Will you take me out? Show me off? Let me embarrass you?
I tend to be submissive; so it wouldn't hurt if you were ok with being a little (lot) Dominant.
NOTE: I am not a whore or a one night stand, if you're not looking to get to know me don't bother writing. (That could change though depending on how nice you are...)
I am attracted not to ‘a man’ but to an ‘ideal’ man. There are certain qualities that I need you to have. Only the most basic are physical. For me that means you must be taller than me, and bigger; not fat, but more powerful. I want a man I can feel safe around. You should take care of yourself but not excessively. I want you to care enough to keep a good appearance, a healthy lifestyle, and a happy outlook. Having the jock who spends all his time in the gym is as bad as the man who spends all his time on the couch. You should have motivation and ambition. Success comes not from luck but from sweat. You do not need to be rich; success comes in many forms , but I am attracted to a man that knows how to work. I want you to be smart. Smart enough to talk to, smart enough to understand me, and generally driven to learn and grow throughout your entire life.
Most importantly I want a man who has that special spark, I want a dreamer who’s not afraid to leap for the stars. A dreamer dreams and follows his dream until another one takes it’s place. When I think of myself pursuing a relationship I find it much easier to see myself throwing my energy and talents behind a man in search of his dreams than doing it the other way round.
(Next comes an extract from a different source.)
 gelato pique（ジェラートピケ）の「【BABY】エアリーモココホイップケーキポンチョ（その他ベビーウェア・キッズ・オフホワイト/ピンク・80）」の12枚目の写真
*Second note: I'm available because I have a woman in my life who means the world to me. We are married and have shared this road together for the last 11 years. She's seen me through my best and my worst and has stood by me throughout this transition. She's a part of this deal, so get over it; she's not going away. That being said We're not exactly looking for a 3-way thingy. No, I'm here because my sexuality remains more or less straight, even after transitioning, so I need to explore, and I have to find someone to fill that empty place in my life. Be cool, be open, and trust that it'll all work out, cause it will.